At this time, a severe political and economic crisis began in Germany, the mark fell a thousand times, the industry was paralyzed. Trotsky was on fire with the idea of ​​a German revolution, and after the victory in Germany, Europe would be in the hands of the revolutionaries. Trotsky saw himself as a leader on a pan-European level. The “showdowns” of the Russian level were curtailed for a while - the Politburo voted “yes”. Enormous funds and thousands of revolutionaries were sent to Germany, secret negotiations began with Warsaw on the passage of the Red Army troops to Germany, they (Poland) were promised to give East Prussia. Although at the same time it was decided to "revolutionize" Poland. At the same time, the Comintern was instructed to start a revolution in Bulgaria as well.

But the "world behind the scenes", or rather its European clans, did not need the European Revolution, so there were continuous overlays and mistakes. Yes, and in Russia, Bukharin, Zinoviev, Kamenev went over to the side of Stalin, who opposed this adventure, at the same time the Politburo decides that the preparations for the revolution in Germany are not completed, the revolutionary situation is overestimated, and therefore the uprising was canceled. Trotsky was furious, all his "Napoleonic" plans collapsed.

Then Trotsky launched an attack along the lines of "revolutionaries" - "bureaucrats", accusing Stalin and others of degenerating, betraying the cause of the revolution. Trotsky demands the expansion of party democracy. He was caught on this, announcing a general party discussion. Trotsky was reminded of his disputes with Lenin. As a result, at the 13th Party Conference (opened on January 16, 1924), his supporters were defeated, accused of "anti-Leninist deviationism" and "revisionism." Trotsky didn’t even come to her, he “fell ill”.

The possibility of a military coup was also neutralized, and it could have been organized, Trotsky’s positions in the army were strong: his deputy for the military people’s commissariat, Sklyansky, was transferred to the Supreme Council of National Economy by the decision of the Politburo, and Frunze, popular in the army and hostile to Trotsky, was appointed in his place. The Trotskyist Antonov-Ovseenko was removed from the post of head of the Political Directorate of the Red Army, and the Western Front of Tukhachevsky was disbanded.

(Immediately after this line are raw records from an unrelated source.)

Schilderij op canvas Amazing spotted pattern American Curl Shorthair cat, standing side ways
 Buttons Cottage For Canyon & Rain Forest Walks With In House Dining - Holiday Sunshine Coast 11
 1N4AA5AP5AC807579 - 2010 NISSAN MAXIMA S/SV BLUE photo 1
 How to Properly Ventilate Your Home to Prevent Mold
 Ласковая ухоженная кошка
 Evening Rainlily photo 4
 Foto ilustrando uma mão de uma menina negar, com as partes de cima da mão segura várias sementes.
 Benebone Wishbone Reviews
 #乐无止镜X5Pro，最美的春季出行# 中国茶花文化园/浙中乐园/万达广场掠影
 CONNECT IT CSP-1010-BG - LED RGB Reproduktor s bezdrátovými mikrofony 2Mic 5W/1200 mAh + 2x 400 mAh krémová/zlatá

Moreover, apparently, one of the main reasons for Trotsky's loss was the position of his foreign "masters", in connection with which he was swept away. But Stalin was not considered dangerous, he served Lenin, and now, they say, his environment will “correct” him ...

Sources:
Sakharov V.A. "Political testament" of Lenin: reality and myths of politics. M., 2003.
Shambarov V. Anti-Soviet. M., 2011.
Shubin A.V. Leaders and conspirators. M., 2004.